Building out my next SAN and client
The goal here is a die-hard data access and integrity.
SAN Access Mechanisms
AOE - a no-go at this time
My testing to date (2013-08-21) has shown that AoE under vblade migrates well, but does not handle a failed node well. Data corruption generally happens if writes are active, and there are cases I have encountered (especially during periods of heavy load) where the client fails to talk to the surviving node if that node is not already the primary (more below on that). In other words, if the primary SAN target node fails, the secondary will come up, but the client might not use it (or might use it for a few seconds before things get borked). I am actively investigating this and other related issues with guidance from the AoE maintainer. At this time I cannot use it for what I want to use it for. Pity, it's damn fast.
iSCSI - Server Setup
Ubuntu 12.04 has a 3.2 kernel and sports the LIO target suite. In initial testing it worked well, though it will be interesting to see how it performs under more realistic loads. My next test will involve physical machines to exercise iSCSI responsiveness over real hardware and jumbo-frames.

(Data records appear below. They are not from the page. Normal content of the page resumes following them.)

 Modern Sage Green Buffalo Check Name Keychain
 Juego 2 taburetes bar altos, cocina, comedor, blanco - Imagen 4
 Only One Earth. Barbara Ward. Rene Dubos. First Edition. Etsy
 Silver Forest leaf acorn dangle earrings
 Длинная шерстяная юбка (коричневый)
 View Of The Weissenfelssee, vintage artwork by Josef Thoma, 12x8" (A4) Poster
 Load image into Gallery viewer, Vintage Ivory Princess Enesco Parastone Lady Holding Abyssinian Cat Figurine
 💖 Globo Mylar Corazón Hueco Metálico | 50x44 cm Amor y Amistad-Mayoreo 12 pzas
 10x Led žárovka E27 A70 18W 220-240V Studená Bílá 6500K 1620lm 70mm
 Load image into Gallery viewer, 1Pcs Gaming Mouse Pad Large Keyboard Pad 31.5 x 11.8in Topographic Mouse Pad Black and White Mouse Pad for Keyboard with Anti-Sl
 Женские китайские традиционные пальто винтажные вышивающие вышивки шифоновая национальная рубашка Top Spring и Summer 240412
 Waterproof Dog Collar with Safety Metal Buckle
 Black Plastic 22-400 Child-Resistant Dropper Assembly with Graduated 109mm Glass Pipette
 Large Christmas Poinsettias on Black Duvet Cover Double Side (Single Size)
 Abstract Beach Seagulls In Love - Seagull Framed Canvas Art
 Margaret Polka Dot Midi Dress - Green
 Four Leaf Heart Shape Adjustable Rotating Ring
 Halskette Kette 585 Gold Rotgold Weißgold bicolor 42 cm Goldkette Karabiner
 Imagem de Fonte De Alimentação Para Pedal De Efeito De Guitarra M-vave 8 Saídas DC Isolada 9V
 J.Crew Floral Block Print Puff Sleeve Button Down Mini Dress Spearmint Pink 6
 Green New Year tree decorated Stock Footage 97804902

The Pacemaker (Heartbeat) resource agent for iSCSILogialUnit suffers from a bug in LIO, whereby if the underlying device/target is receiving writes the logical unit cannot be shut down. This can cause a SAN node to get fenced for failure to shut down the resource when ordered to standby or migrate. It can be reliably reproduced. This post details what needs to be done to fix the issue. These modifications can be applied with this patch fragment:
--- old/iSCSILogicalUnit 2013-08-21 16:13:20.000000000 -0400
+++ new/iSCSILogicalUnit 2013-08-21 16:12:56.000000000 -0400
@@ -365,6 +365,11 @@
done
;;
lio)
+ # First stop the TPGs for the given device.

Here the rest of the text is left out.